Gaslighting Definitely Isn’t Merriam-Webster’s 2022 Word of the Year

It’s not that big of a deal, but “gaslighting” is the 2022 Word of the Year, according to Merriam-Webster’s Dictionary. 

The word gained major popularity this year, and searches for the term on increased by 1,740% from 2021. What makes it even more interesting is that there wasn’t a single event that led to its increase, unlike other popular words for this year.

“It’s a word that has risen so quickly in the English language, and especially in the last four years, that it actually came as a surprise to me and to many of us,” said Peter Sokolowski, Merriam-Webster’s editor at large. “It was a word looked up frequently every single day of the year.”

“Gaslighting” may seem like it’s everywhere we look these days, but don’t be, well, gaslighted by gaslighting.
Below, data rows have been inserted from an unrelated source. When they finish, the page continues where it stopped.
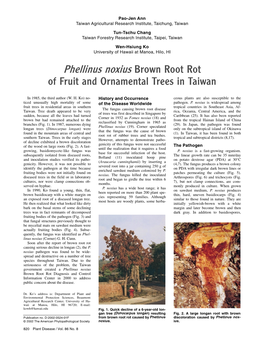 Phellinus Noxius Brown Root Rot of Fruit and Ornamental Trees in Taiwan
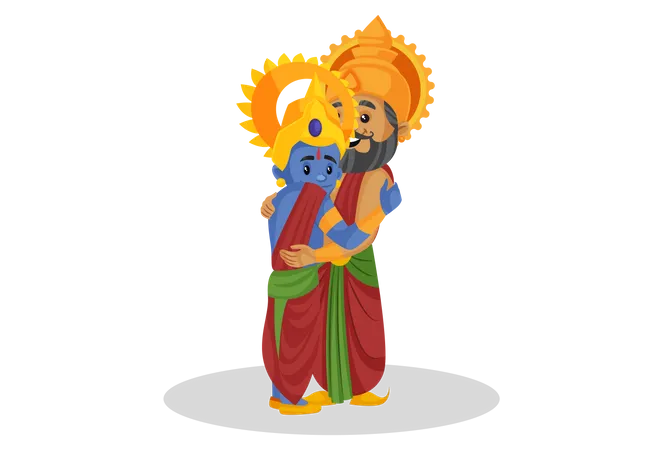 King Dasharatha hugging lord ram Illustration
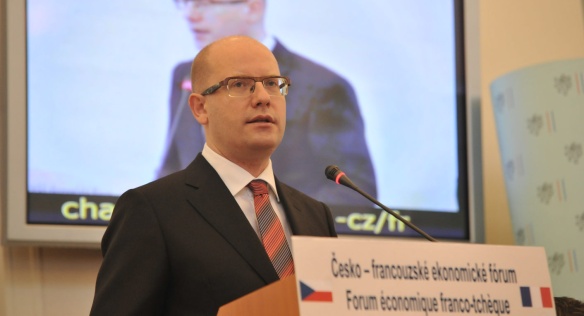 Premiér Sobotka se zúčastnil Francouzsko-českého ekonomického fóra, 9. prosince 2014. 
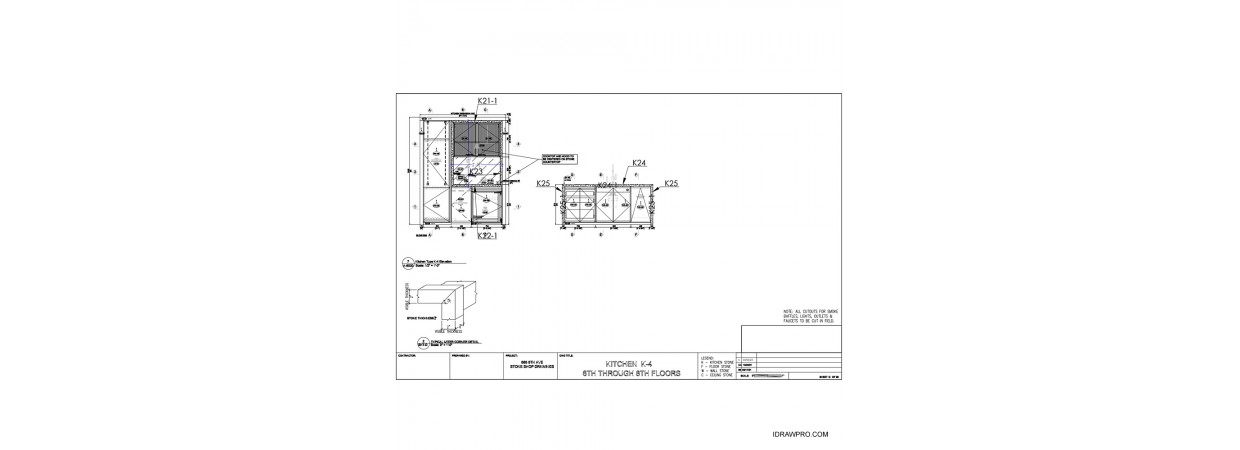 Stone shop drawings for kitchen countertop floor wall and ceiling.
The word has a specific meaning; according to Merriam-Webster, it’s the “psychological manipulation of a person usually over an extended period of time that causes the victim to question the validity of their own thoughts, perception of reality, or memories and typically leads to confusion, loss of confidence and self-esteem, uncertainty of one’s emotional or mental stability, and a dependency on the perpetrator.” 

In other words, it’s not simply lying to someone or accidentally misleading a person. Rather, it’s the intentional decision to convince someone that their feelings and perceptions of reality are false, even when they’re true. 

It can be hard to identify the line between lies and gaslighting, and many do both well. For instance, popular Fox News host Tucker Carlson has been accused of gaslighting viewers this year about his views on the Russia-Ukraine conflict. Days before Russia invaded Ukraine, Carlson openly expressed why he didn’t hate Putin and why Russia deserved support. Then, after the invasion, Carlson questioned why people were saying he supported Russia. 

“It’s very common. You hear it every day,” Carlson said while gaslighting viewers. “The question is: Why are they saying that? It doesn’t make sense.”


Gaslighting goes beyond trolling, and it even goes beyond lying for lying’s sake. It is a heinous tool used by abusers and people in power to stay in power — from commentators to politicians to significant others. It may not be a new word or even a new tactic, but it is one that people are beginning to notice.